# Problem
After locating "Maison à VILLEBLEVIN", return its line and all lines that follow through the end of the listing below, exactly; leave out pictures.

*** Opening Record extracts ***

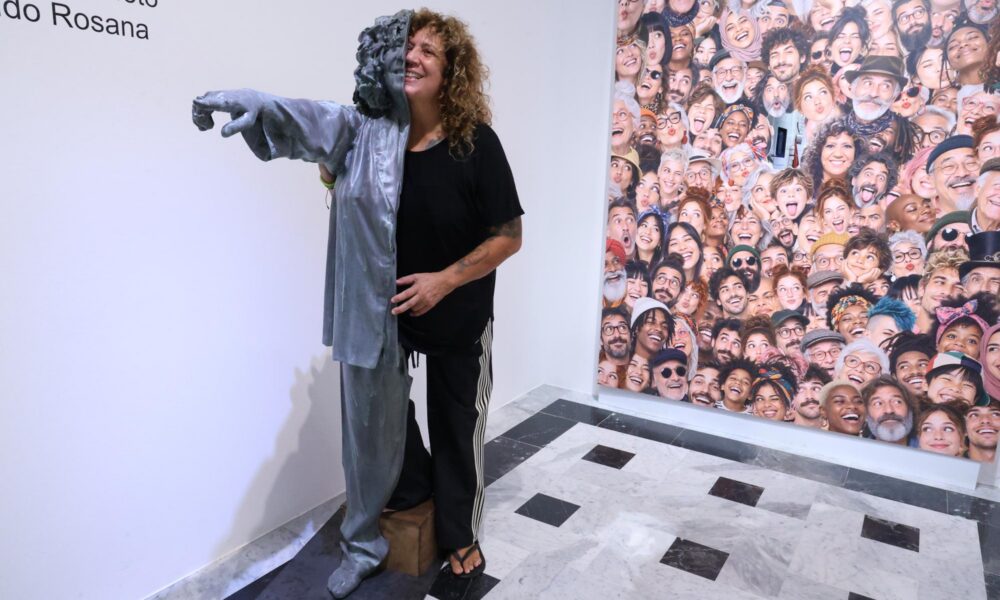 La cantante Rosana durante la inauguración de su exposición en La Casa Amarilla.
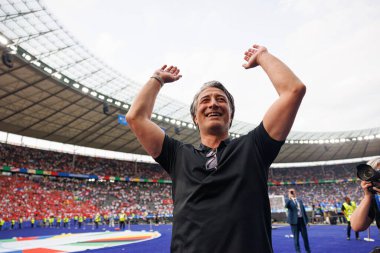 Murat Yakin, Almanya 'nın başkenti Berlin' de İsviçre ve İtalya milli takımları arasında oynanan 16 maçlık UEFA Euro 2024 raundunun ardından kutlama yaparken görüldü (Maciej Rogowski))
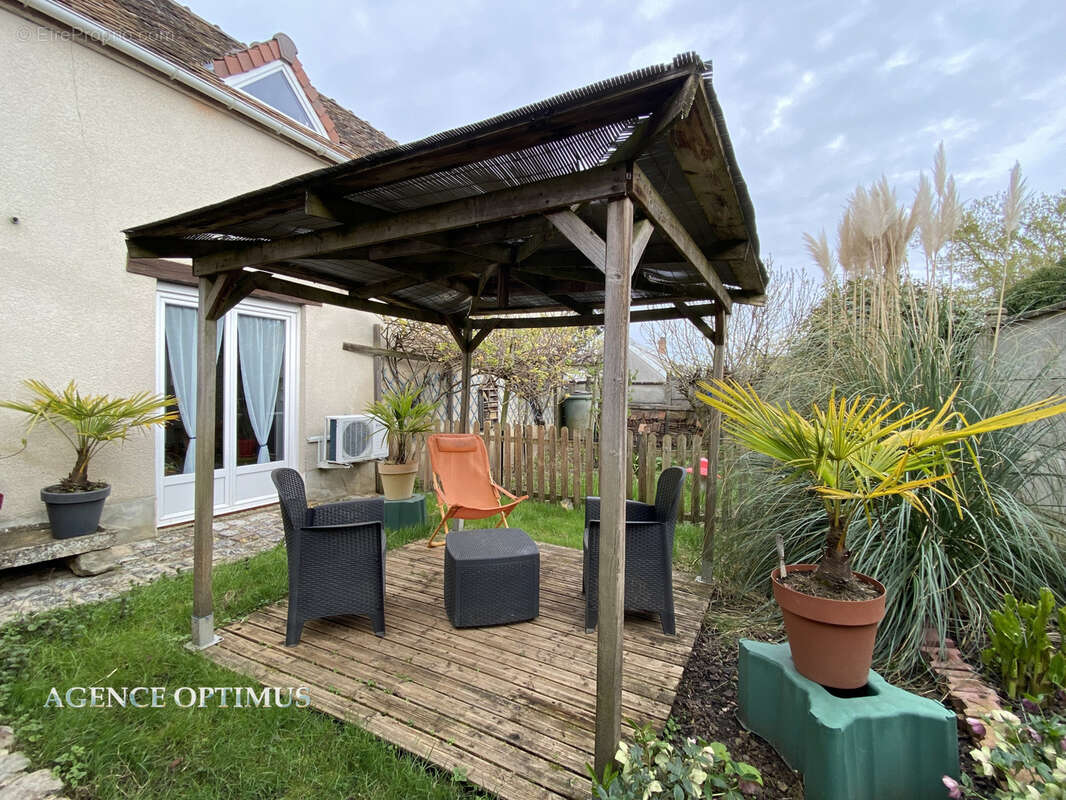 Maison à VILLEBLEVIN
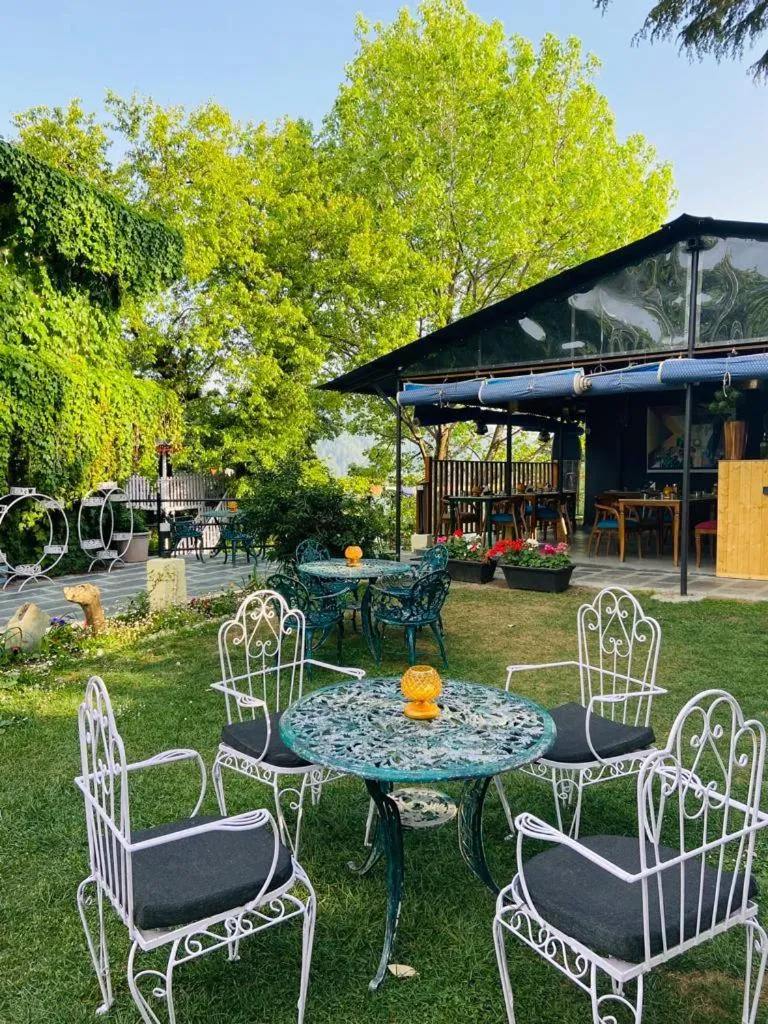 Restaurant/places to eat in Alps Resort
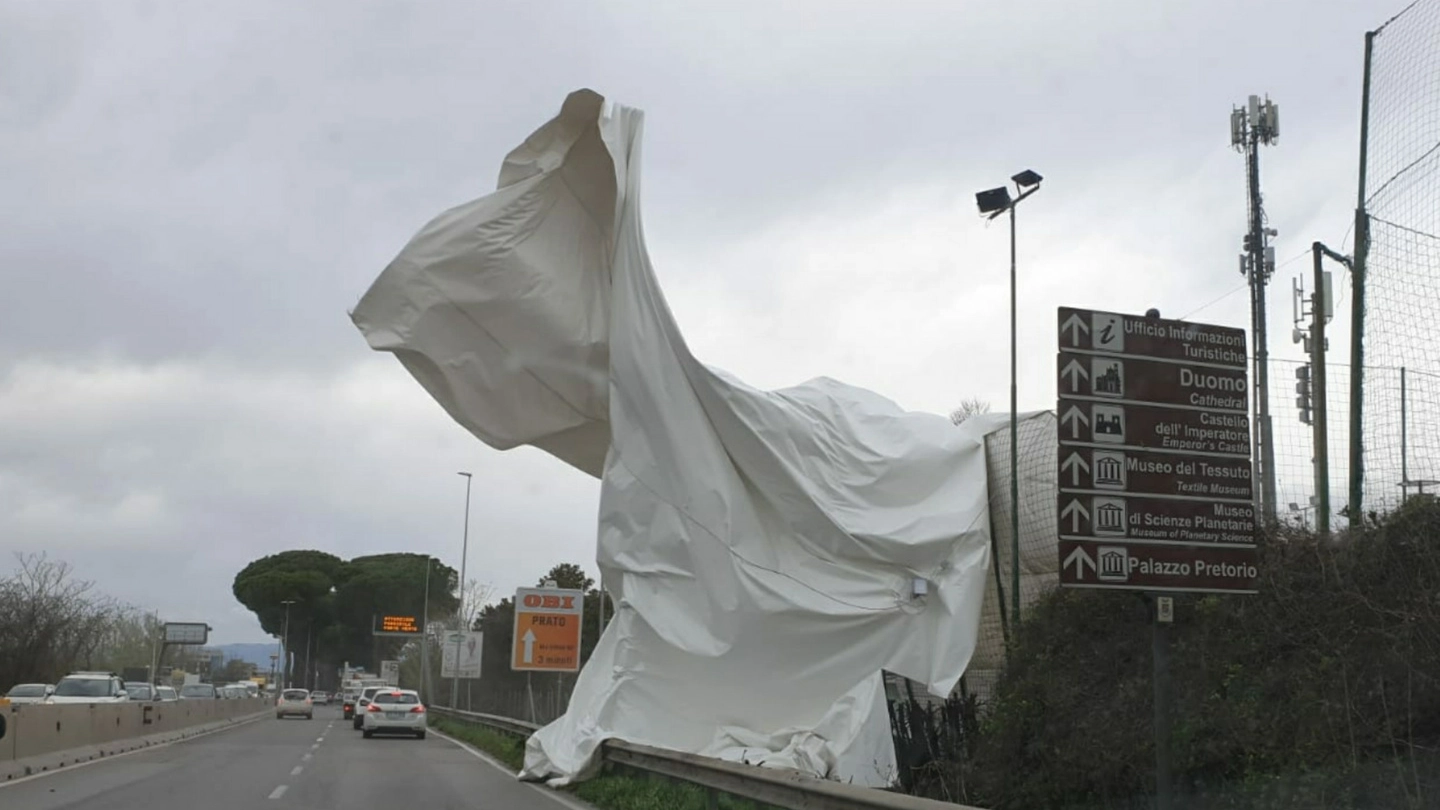 Il pallone dello Sporting Mezzana strappato dal vento (foto Attalmi)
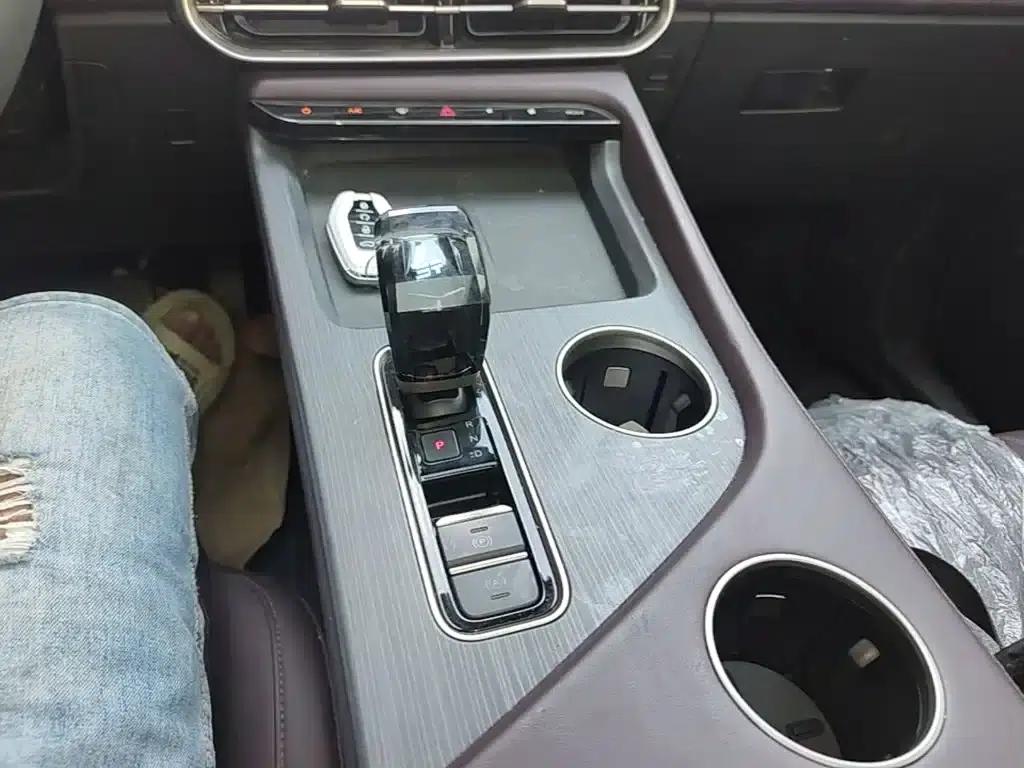 Jetour X90 PRO 2024 2.0T DCT Premium Edition 7-seater — миниатюра 14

*** Closing Record extracts ***

# Solution below
 Maison à VILLEBLEVIN
 Restaurant/places to eat in Alps Resort
 Il pallone dello Sporting Mezzana strappato dal vento (foto Attalmi)
 Jetour X90 PRO 2024 2.0T DCT Premium Edition 7-seater — миниатюра 14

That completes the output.